Tim, tra il dire e il fare c'è di mezzo...
Il tanto decantato cambio di passo promesso in campagna elettorale del nuovo Governo Meloni, appare ormai sgonfiarsi, compresso la nazionalizzazione della rete di TIM/OPEN FIBER, mentre il fondo americano KKR ha presentato la propria offerta, creando così una notevole apprensione per il futuro di un’infrastruttura strategica per lo Stato.
In un quadro non meglio definito sulle prospettive dell’assetto azionario di TIM, nonché in attesa della concretizzazione del piano industriale proposto dall’AD Labriola, resta ancora da comprendere cosa realmente voglia fare il Governo di Giorgia Meloni per il rilancio del settore delle telecomunicazioni, a cui è strettamente connesso il futuro di TIM.
Quotidianamente nella lettura dei cosiddetti rumor riguardanti la possibile Govarnence futura di TIM, ci si rende conto di come ormai l’azienda sia preda di fondi di investimento, principalmente stranieri, con l'unico obiettivo di speculare su quel che resta del suo patrimonio infrastrutturale, visto che da tempo è in piena crisi sul piano finanziario.

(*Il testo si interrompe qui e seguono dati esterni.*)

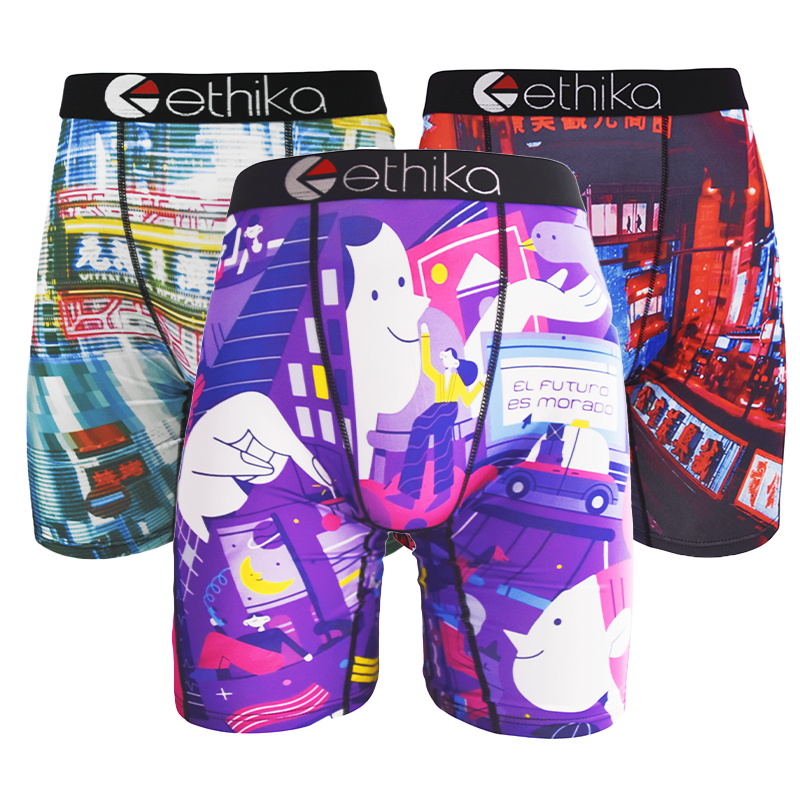 Drivers Special! Men's Graphen - Multi Pack Underwear avaliação e preço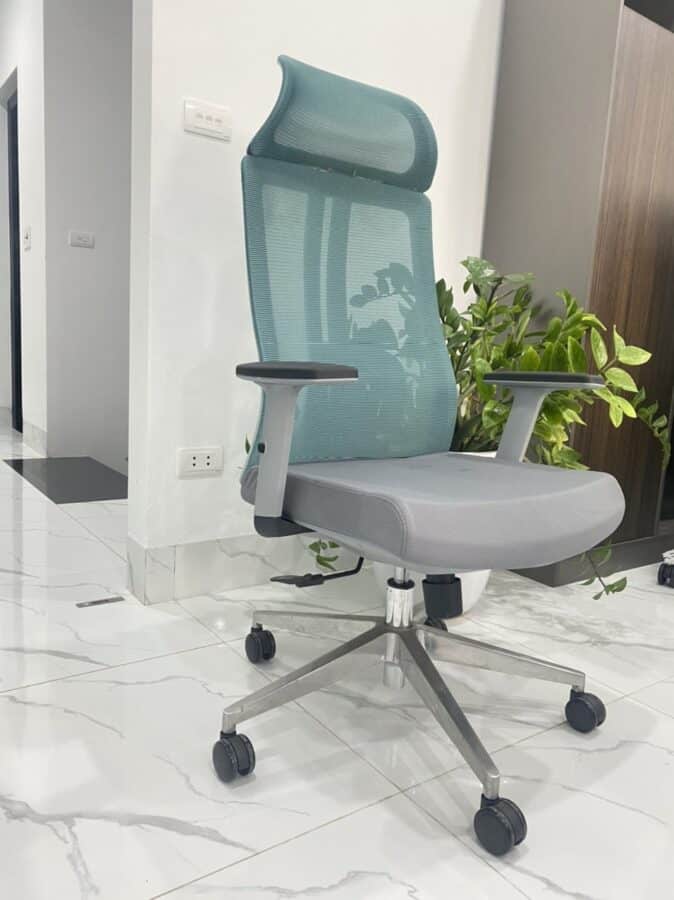 Thanh lý ghế xoay mới 100% A938-2S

Crisi finanziaria e di liquidità sottolineata dalla recente necessità della collocazione dei TIM Bond a 5 anni per un valore complessivo di 850 milioni di euro non solo per sostenere il piano di investimenti, ma principalmente per rifinanziare il debito già esistente. Secondo alcune agenzie specializzate, i tassi di interesse sul nuovo debito saranno probabilmente superiori al debito ritirato, con un impatto negativo sul flusso di cassa.
Cosa aspettarsi dopo lo stop da parte del Tesoro a CDP nel rivedere la proposta da oltre 18 miliardi, secondo noi niente di buono, considerato che CDP e i rappresentanti istituzionali della premier Giorgia Meloni, incalzati dalla nuova offerta non vincolante per l’acquisto della rete da parte del fondo statunitense KKR, appaiono molto più impegnati nella ricerca spasmodica di un compromesso per la salvaguardia degli interessi finanziari principalmente stranieri.
Alla luce di quanto accaduto con la privatizzazione di un servizio pubblico come le tlc, dopo la semi-nazionalizzazione dell’infrastruttura della rete (Netco), sempre se andrà in porto, ci sarà la cannibalizzazione di quello che rimane dell’azienda dei servizi da parte dei fondi.
Inoltre, bisogna anche considerare che l’attuale interesse da parte dei fondi internazionali per TIM deriva principalmente dall’attenzione per i fondi nazionali ed europei (fondi ordinari e PNRR) per la digitalizzazione del paese delle Aree grigie e bianche (a fallimento di mercato). Una volta terminati questi progetti cosa accadrà?
Per noi di USB, l’unica strada percorribile è quella di riportare sotto il controllo pubblico l’intera azienda e la risoluzione definitiva dei vincoli regolatori del settore, artefici di una iper-competizione negativa, a scapito del costo del lavoro, specialmente per le società in appalto, così da poter utilizzare tutte le competenze presenti e utili per accelerare il cablaggio del paese.
Per noi di USB, l’unica strada percorribile è quella di riportare sotto il controllo pubblico l’intera azienda e la risoluzione definitiva dei vincoli regolatori del settore, artefici di una iper-competizione negativa, a scapito del costo del lavoro, specialmente per le società in appalto, così da poter utilizzare tutte le competenze presenti e utili per accelerare il cablaggio del paese.
Una soluzione semplice che garantisce i perimetri occupazionali e risolve il problema del futuro delle telecomunicazioni e dello sviluppo del sistema industriale del paese.